So the game takes place in the “bad part of the bad part of town” of the city of Revachol. The district you police is called Jamrock (“in honour of the island nation of Jamaica” nonetheless - or so I’m told by the boys in worldbuilding). More specifically, the neighbourhood “No Truce” takes place in is a coastal fraction of Jamrock called Martinaise. The city has been built and rebuilt across a span of four hundred years and the architectural styles present reflect that. We’re pedantic with how history works, in regards to the layers of technology and culture piling on top of each other. There are also modern cultural aspects that shape what different neighbourhoods look like. Immigrants from different parts of the world etc.

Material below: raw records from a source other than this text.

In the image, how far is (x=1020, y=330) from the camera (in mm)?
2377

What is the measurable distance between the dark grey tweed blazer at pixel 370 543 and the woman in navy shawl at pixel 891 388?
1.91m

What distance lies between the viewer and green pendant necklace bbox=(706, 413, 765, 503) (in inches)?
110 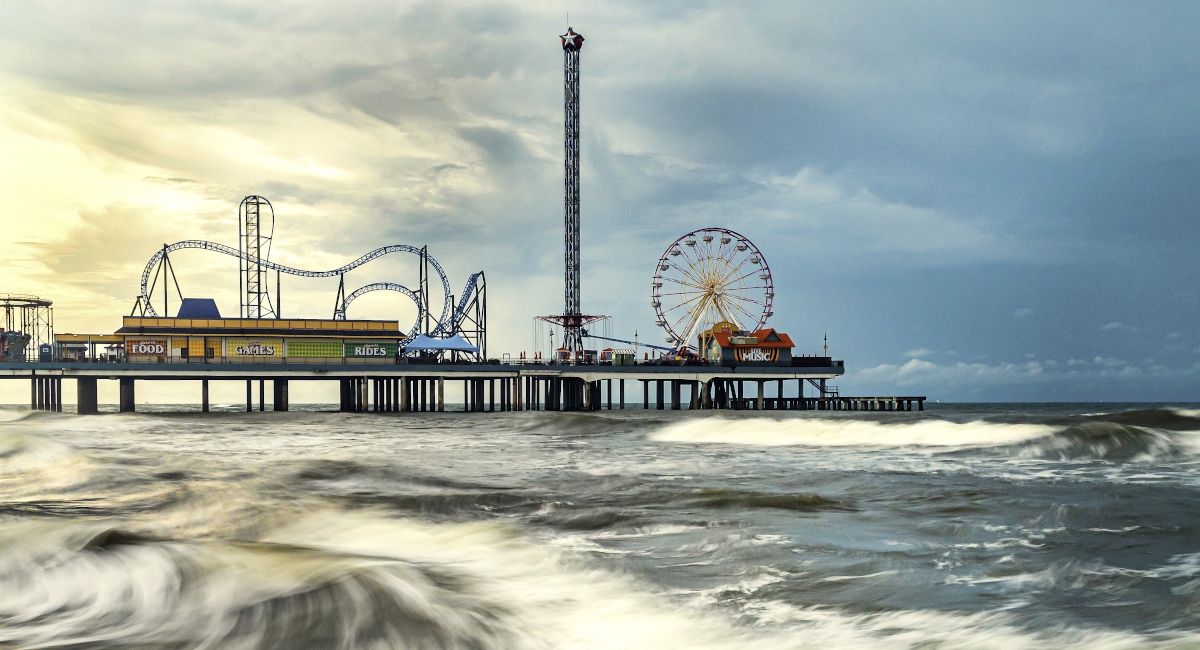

The game’s worldbuilding at large has places like Boogie Street, a street come ghetto of Semenine immigrants, whose abstract wood architecture and innovative techno music is poised to ride an invasive wave of pop culture to a civ style cultural victory. (Yes, really). There is Villalobos, the part of town populated by Mesque immigrants whose youth are essentially latino gangbangers in mesh wifebeaters. The neighborhood itself is a byzanthian labyrinth of housing that’s claimed the streets underneath; where one is never quite sure if you’re indoors or outside. Imagine a dungeon-district! An RPG city district that doubles as an ongoing dungeon, phasing from hidden street to meth-lab to salsa party.
Blam, you stepped into the wrong room motherfucker - salsa party!
Hope you brought your maracas!
Be armed to the teeth with maracas when you come to the… okay I’ll stop now.
Eminent Domain is a neighbourhood of old workers’ barracks being torn down to make room for a massive elevated motorway interchange. Locals build up against the pillars of the motorway and nix electricity from the high voltage powerlines.
Martinaise however is a coastal area. Here our “atmospheric target render” (another expression from the boys in worldbuilding) is encapsulated in the sentence: “I’ll wake up in a new life, shift shape and shoe shine.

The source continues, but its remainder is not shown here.